Geschäftsführer Jörg Lohölter begrüßte die jungen Besucher am Standort in Iser-lohn-Letmathe und stellte zunächst das Unternehmen vor. In dritter Generation der Familie Wilke wird das Familienunternehmen nach der Maxime „Fortschritt aus Tradition“ bereits geführt. „Risse + Wilke sieht sich als industriellen Mittelständler mit sozialer Verantwortung“, betonte Lohölter, „In den letzten 15 Jahren haben wir einen nahezu 3-stelligen Millionen Euro Betrag investiert.“ Der Standort in Iserlohn ist in zweierlei Hinsicht attraktiv: Er bietet Arbeitsplätze inmitten einer grünen Region und hat eine gute Verkehrsanbindung an die nahegelegenen Autobahnen. Denn gerade die Logistik ist heute ein wesentlicher Faktor für den Unternehmenserfolg. Daneben ist das Mitarbeiter-Know-how ganz entscheidend. „Aktuell können wir den Fachkräftebedarf in der Region noch decken“, berichtet Lohölter, „Wir brauchen aber auch zukünftig Mitarbeiter mit einem hohen Maß an Werkstoff- und Fertigungskompetenz.“

Die Besucher staunten nicht schlecht, insbesondere der Produktionsrundgang bot den Studierenden gute Praxiseinblicke. Hier präsentierte Jörg Lohölter Beispiele der Fertigungs- und Transportoptimierung. „In der Risse + Wilke Gruppe produzieren 470 Mitarbeiter, davon 30 Azubis, 180.000 Tonnen Stahl pro Jahr“, so der Geschäftsführer. Das Kaltband eigene sich hervorragend für sämtliche Prozesse in denen besondere Anforderungen an das Material gestellt werden, wie zum Beispiel komplexe Stanz-, Biege- und Tiefziehprozesse. Es wird zum großen Anteil in der Automobilindustrie, der Feinmechanik, der Möbelindustrie, der Sägenindustrie und im Maschinenbau eingesetzt. Insgesamt stammen rund drei Viertel des Kaltbandes, das die in der Fachvereinigung organisierten Unternehmen herstellen, aus den Werken der Region Hagen und Iserlohn. Die Standorte von Risse + Wilke in Iserlohn-Letmathe, Hagen, Hagen-Hohenlimburg und Desenzano del Garda haben eine Produktionsfläche von rund 60.000 Quadratmeter. Der wesentliche Anteil der Kaltbandfertigung wurde in den letzten Jahren am Standort in Iserlohn-Letmathe konzentriert.

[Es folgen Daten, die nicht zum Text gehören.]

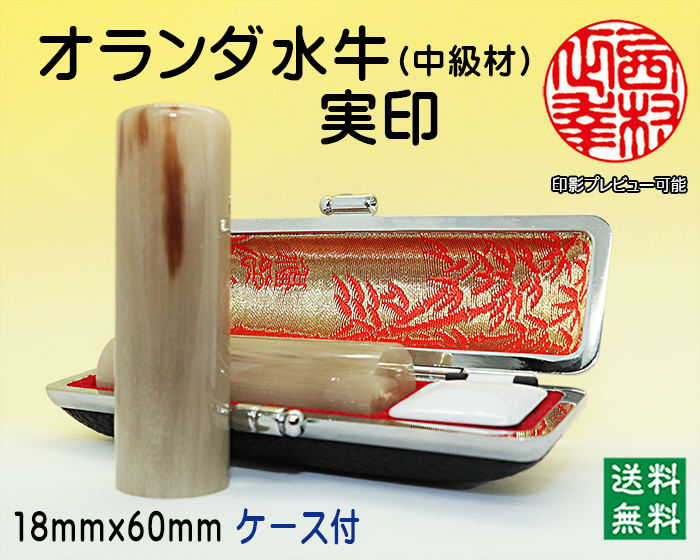 個人用 手彫り 実印 オランダ水牛(芯持)(中級) 18ミリ×60ミリ【代引き手数料無料・送料無料】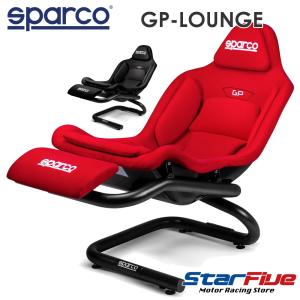 スパルコ ゲーミングチェア GP-LOUNGE ジーピーラウンジ バケットシート Sparco 2024年継続モデル｜star5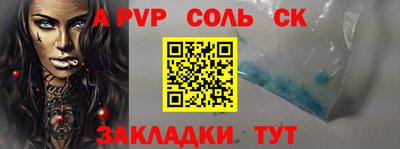 jwh Краснодар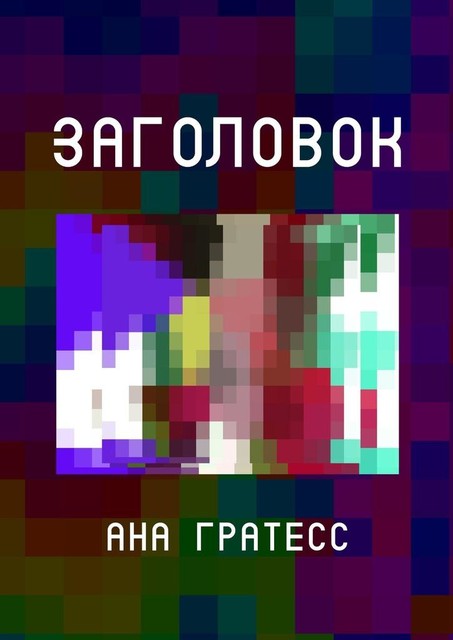 Заголовок, Ана Гратесс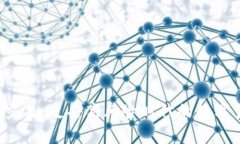 冷钱包离线交易：反击高风险时代的数字货币保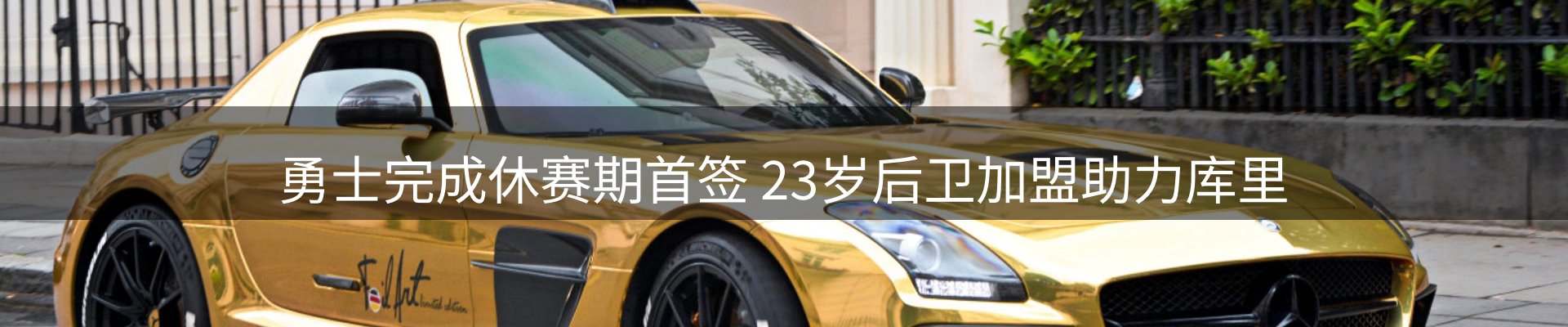 资讯解读
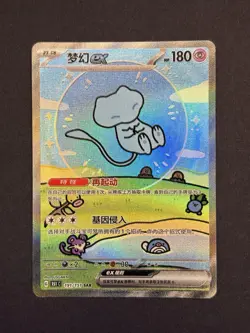 2025 Pokemon TCG Chinese Scarlet & Violet 151C 191 SAR Mew ex Holo Card MINT - Image 1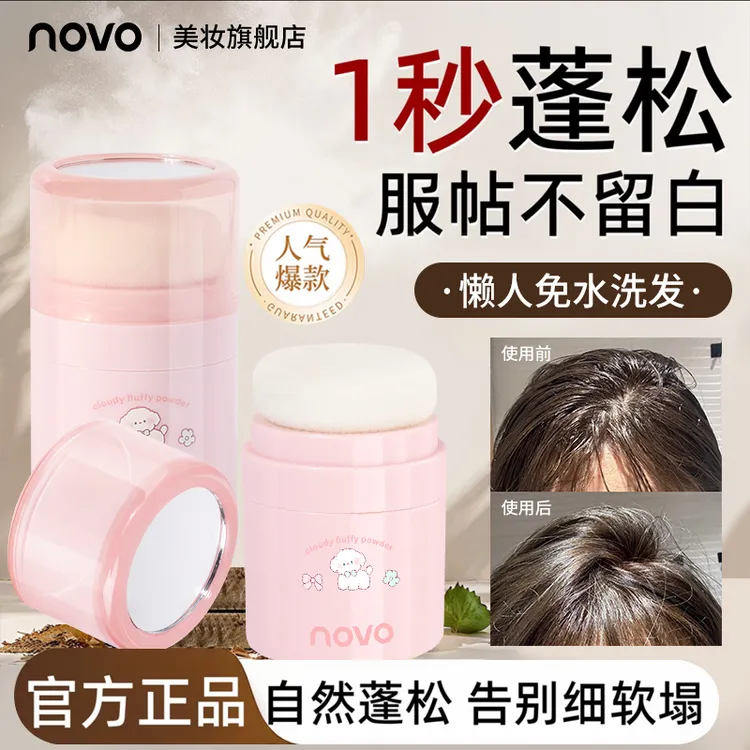 novo蓬蓬粉油头神器头发控油蓬松刘海去油持久发际线粉国庆假出游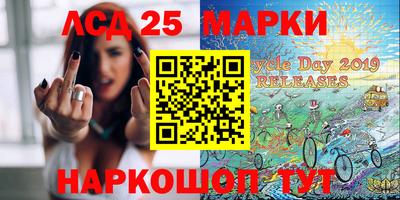 mdma Новодвинск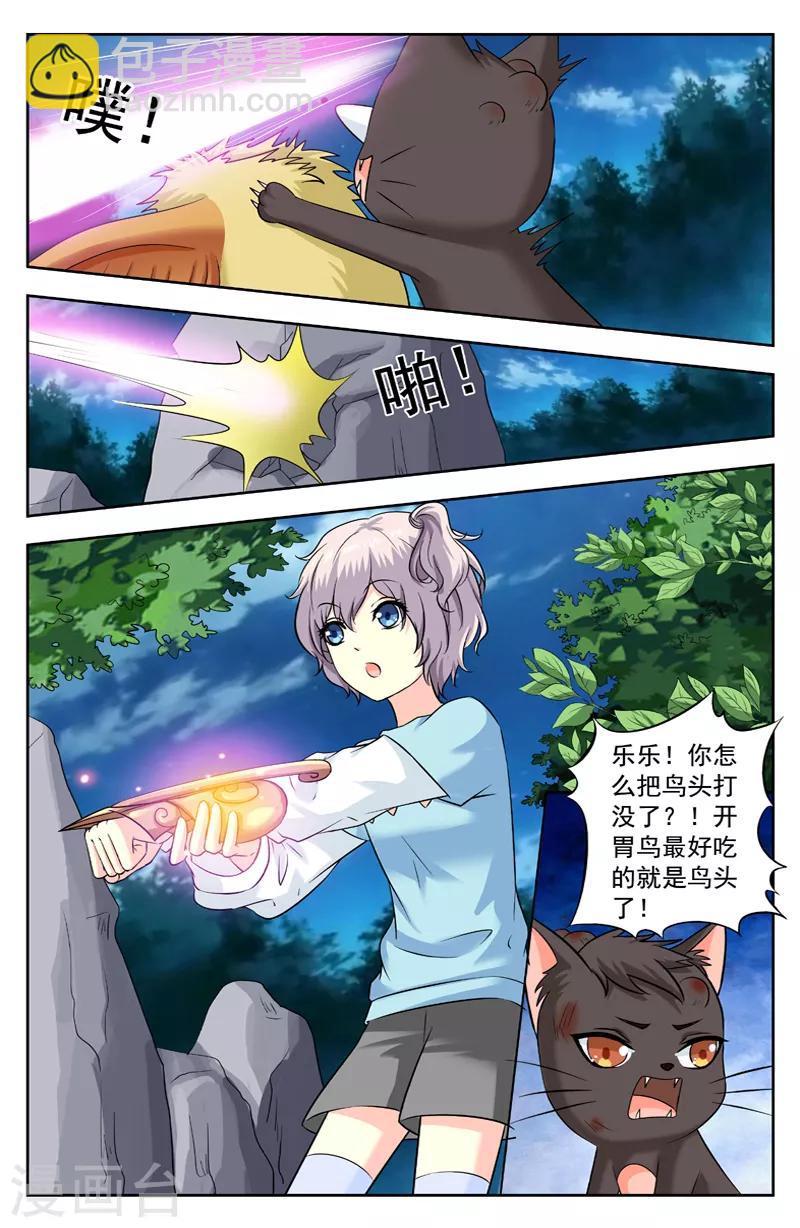 第224话 小试身手3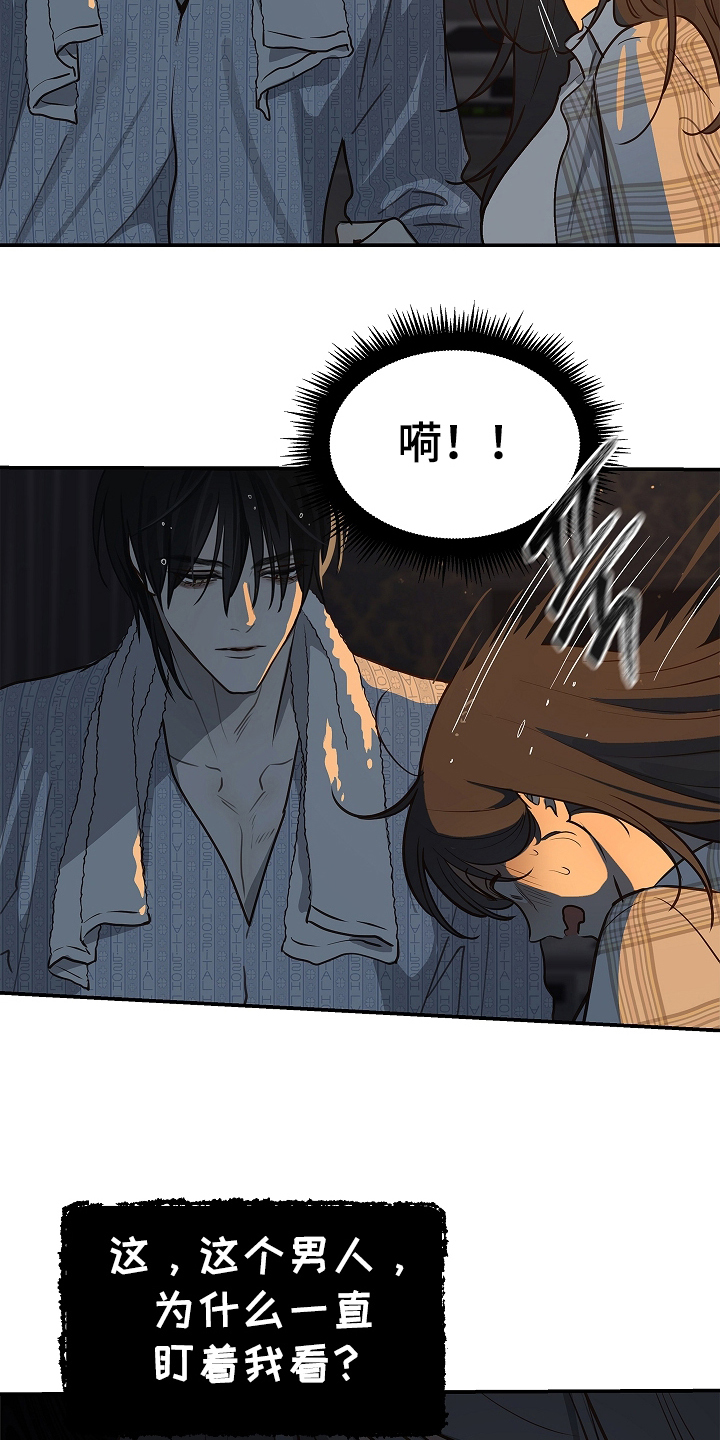 花是诱饵漫画,第19章：到家5图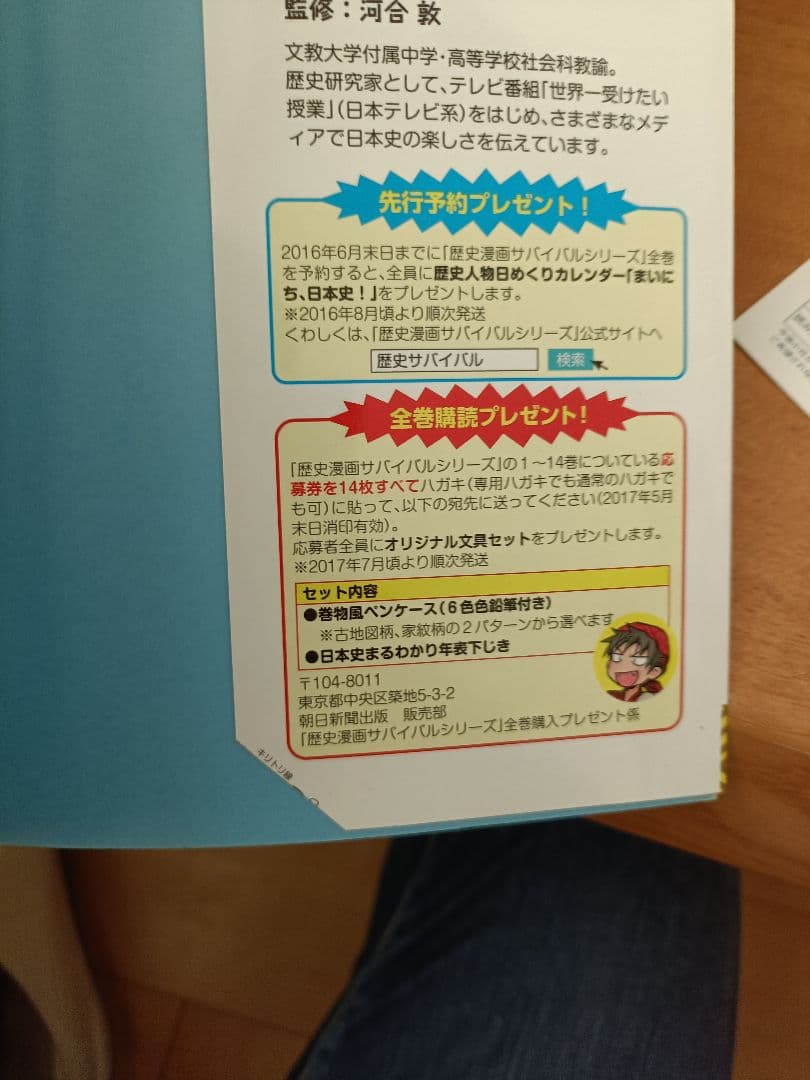 サバイバルシリーズ48冊セット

Das Stammwerk von Risse + Wilke in Hagen-Hohenlimburg dient im Wesentlichen zur Lagerung und Versandabwicklung von Teilen des Fertigmaterials aus der Letmather Fertigung. Besonders erfreulich ist die voranschreitende Firmenentwicklung. Risse + Wilke investiert jüngst in weitere Firmen und in neue Maschinen. Beispiele sind die Über-nahmen der Vergüterei Hugo Schmitz aus Hagen-Hohenlimburg und der Firma GBS aus Desenzano/Italien, einem Exporteur von Steingattersägenstahl. Am Standort Iserlohn-Letmathe wird aktuell mit Spannung die Inbetriebnahme des neuen Reversierwalzgerüstes von der heimischen Firma Andritz Sundwig aus Hemer erwartet. Eine Investition im 2-stelligen Millionenbereich.